[Data listing]:
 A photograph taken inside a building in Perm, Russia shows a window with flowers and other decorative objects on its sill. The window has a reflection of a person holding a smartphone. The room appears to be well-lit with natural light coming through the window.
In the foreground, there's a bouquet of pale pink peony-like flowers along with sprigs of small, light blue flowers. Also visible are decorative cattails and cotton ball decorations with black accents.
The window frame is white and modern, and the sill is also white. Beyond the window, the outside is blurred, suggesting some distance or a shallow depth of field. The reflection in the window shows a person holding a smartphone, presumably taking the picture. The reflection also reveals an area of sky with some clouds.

==

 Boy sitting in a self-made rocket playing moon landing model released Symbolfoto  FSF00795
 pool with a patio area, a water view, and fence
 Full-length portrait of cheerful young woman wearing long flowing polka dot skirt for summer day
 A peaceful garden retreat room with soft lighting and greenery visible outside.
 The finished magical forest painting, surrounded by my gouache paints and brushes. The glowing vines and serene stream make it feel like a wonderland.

[Exercise requirements]: Transcribe each line of the data above, unaltered, from the one where "A photograph taken" appears to the one where "The window frame" appears, inclusive of both.

[Response below]:
 A photograph taken inside a building in Perm, Russia shows a window with flowers and other decorative objects on its sill. The window has a reflection of a person holding a smartphone. The room appears to be well-lit with natural light coming through the window.
In the foreground, there's a bouquet of pale pink peony-like flowers along with sprigs of small, light blue flowers. Also visible are decorative cattails and cotton ball decorations with black accents.
The window frame is white and modern, and the sill is also white. Beyond the window, the outside is blurred, suggesting some distance or a shallow depth of field. The reflection in the window shows a person holding a smartphone, presumably taking the picture. The reflection also reveals an area of sky with some clouds.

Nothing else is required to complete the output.